Read table data in PDF file with Python

PDF data

People in the world seem to love PDF, and even if they say they hate it, they have to deal with it. However, it is normal for people to think that it is a little time to spend hours on it. There are cases where there is only PDF table data, but there was a super convenient library called tabula-py that was useful in such cases. Make a note.

https://github.com/chezou/tabula-py

About tabula

tabula is a Java library for extracting PDF tables. tabula-py is the trumpet. Therefore, you need to install Java to use it.

After installing Java, you can use the Python library by doing the following.

$ pip install tabula-py

How to Use

It's easy to use, and you can use the read_pdf function to read the table in the PDF file. The number of people positive for the new coronavirus of the Ministry of Health, Labor and Welfare (excluding those returning from charter flights) and the number of people conducting PCR tests (https://www.mhlw.go.jp/content/10906000/000618483.pdf) are used as examples. ..


from tabula import read_pdf

df = read_pdf("https://www.mhlw.go.jp/content/10906000/000618483.pdf")

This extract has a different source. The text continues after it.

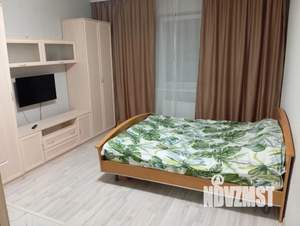 1-к квартира, посуточно, 35м2, 12/12 этаж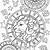 zodiac signs coloring pages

The result of reading the table is displayed as below.

It looks like the above because there are multiple tables. Specify the table to retrieve next.

As you can see above, the table is in the form of a pandas data table. It's super convenient. In this PDF file, the data is divided into two columns, so you need to rub the table. In this case as well, since it is a data table, you can use the pandas concat function.

Since it is a data frame, it is easy to visualize.

With that feeling, you can easily get PDF table data by using tabula-py!

Recommended Posts

Read table data in PDF file with Python

[Automation] Extract the table in PDF with Python

Read json data with python

Read Protocol Buffers data in Python3

Read files in parallel with Python

[python] Read data

Get additional data in LDAP with python

Exclusive control with lock file in Python

Read CSV file with python (Download & parse CSV file)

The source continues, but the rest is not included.